As a card-carrying member of the International Arthurian Society (or, well, journal-receiving; we don't actually have cards), I have decided to attempt an Alphabooks alphabet that is altogether Arthurian. There are lots of options for many of the letters. A, for example, could be Agravain (troublesome brother of Sir Gawain), or Anna (one of several names attributed to Arthur's sister, or at least one of his sisters), or Accolon (who attempts to kill Arthur in a conspiracy with Morgan le Fay), or Amfortas (a Grail king). But come on—it's obviously got to be Arthur, though the image below may not obviously look like Arthur to you:

 
In fairness, it's not obviously Arthur to me, either, though I think it qualifies as an Arthur. One of the reasons I thought it might be interesting to attempt an Arthurian Alphabooks is because descriptions of characters are often limited, absent, or so conventional as to be unspecific. Another challenge is that some of the more prominent characters feature in decades' worth of narrative events, so that a drawing of Arthur needs to choose a particular age of Arthur: the boy ignorant of his patrimony (in most texts), the young king (who may or may not be bearded), the mature monarch, the dying warrior.

I wanted to focus on not just a particular age of Arthur but a particular moment, when, on the field of battle at Salisbury Plain, he catches sight of his traitorous son Mordred, still alive when almost everyone else has fallen. I made a number of attempts, which were interesting to me in two main ways: first, I discovered that I did have a basic sense of how I thought Arthur might look; second, I realized how devilishly difficult it was going to be to capture in a still image the range of feelings that I imagine Arthur to experience in that moment.
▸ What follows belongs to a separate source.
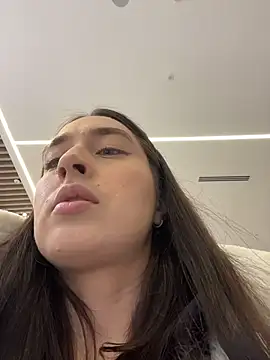 Snapshot of Holly_Play chatting on February 23, 2026, 12:02 pm Holly Play online show from February 23, 2026, 12:02 pm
Anyhow, the drawing above is neither exactly what I thought Arthur might look like nor (even remotely) a successful rendering of a face that should register simultaneous regret, rage, hurt, hostility, etc., etc. (An actor would have better luck than a still image, I think.)

Still, I'm satisfied enough to post it here and to have sent it to the good folks at Alphabooks. I will also note that this drawing is the furthest from my original sketches, which were a lot tighter and controlled—and frustratingly stiff. This one I drew freehand with a brush heavily charged with ink, and I began with loose strokes focused on the hooded eyesockets and the drawn cheekbones. (In fact, the original sketch lacked visible eyes, relying just on the solid black area of the upper lids.) I then slowly built up the image, even turning the paper around several times to hold up to the light to check for symmetry and tones. It felt almost like sculpting in ink, and was a fun way to get reacquainted with a real brush dipped in real India ink. (I haven't used those tools in about eighteen months or more.)

Anyhow. My thanks to Isaac for single-handedly keeping the blog alive in a really rewarding fashion over the last long haul. Let's see how or whether I hang in there this time around.